Given data:
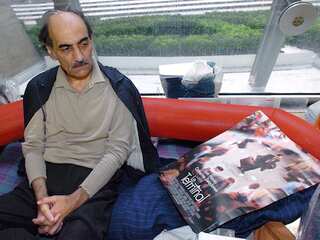 Iranian man who lived in Paris airport dies of natural causes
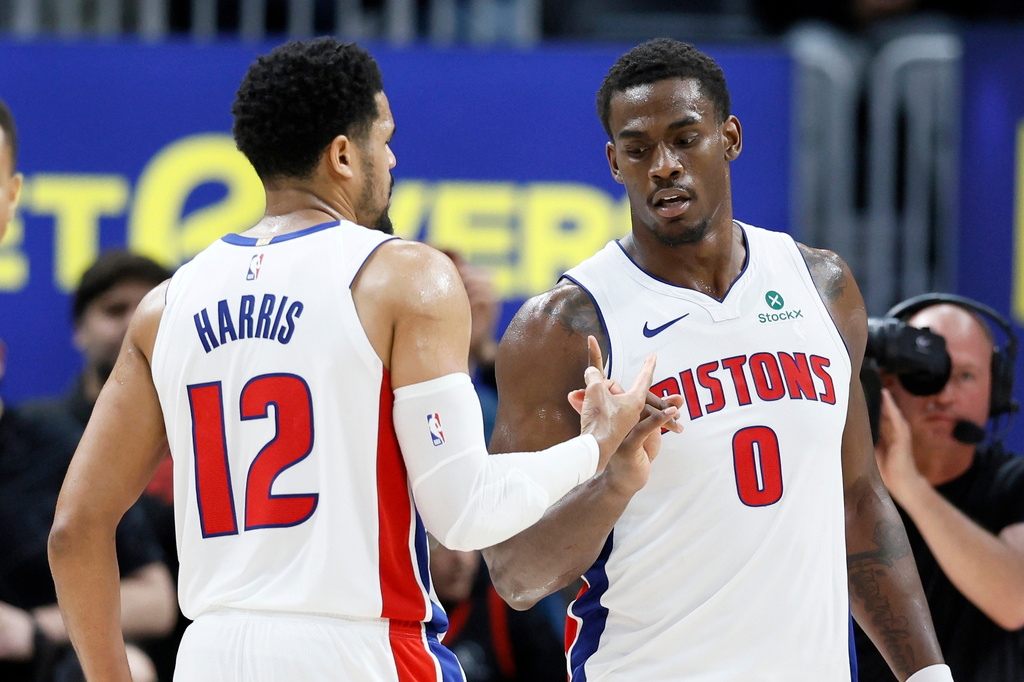 Detroit Pistons forward Tobias Harris (12) celebrates with center Jalen Duren (0) after a win over the Toronto Raptors in an NBA basketball game Tuesday, March 31, 2026, in Detroit. (AP Photo/Duane Burleson)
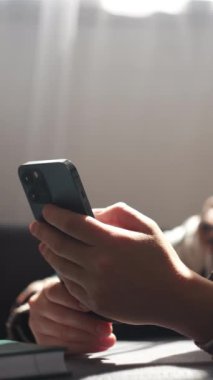 Kadın eli cep telefonunun dikey videosu. Meçhul genç kadın yeni taşınabilir e-randevu uygulamasından hoşlanıyor, mesaj konseptini paylaşıyor, sosyal medya ağlarından arkadaşlarıyla sohbet ediyor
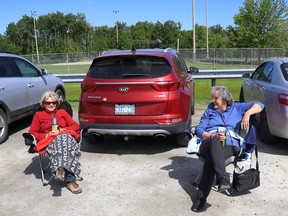 Karen Stewart, left, and Francine Jensen enjoy the sun and conversation while relaxing at James Jerome Sports Complex in Sudbury, Ont. on Friday May 28, 2021. John Lappa/Sudbury Star/Postmedia Network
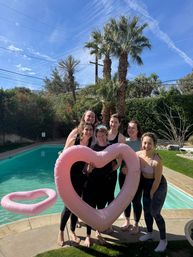Group of women in athletic wear posing by a backyard pool under palm trees, holding a large pink heart-shaped inflatable float on a sunny blue-sky day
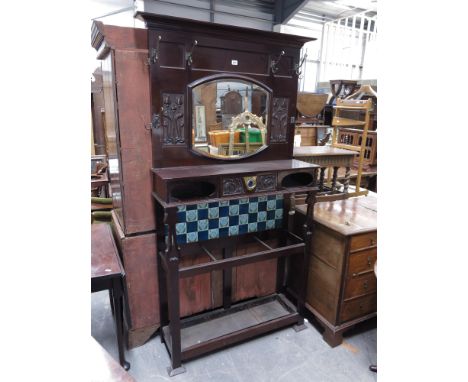 A mahogany Art Nouveau hallstand, the upper section with bevelled mirror flanked by stylised floral devices, single draw and 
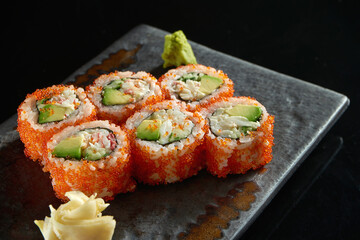 California sushi roll with crab, avocado, cucumber and tobiko caviar served on a plate with wasabi and ginger. Isolation on a black background. Japanese food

What you have to do: Please set down, exactly and with nothing added, the lines from the line with "A mahogany Art" to the end of the entries above, omitting pictures.

Task response:
 A mahogany Art Nouveau hallstand, the upper section with bevelled mirror flanked by stylised floral devices, single draw and 
 California sushi roll with crab, avocado, cucumber and tobiko caviar served on a plate with wasabi and ginger. Isolation on a black background. Japanese food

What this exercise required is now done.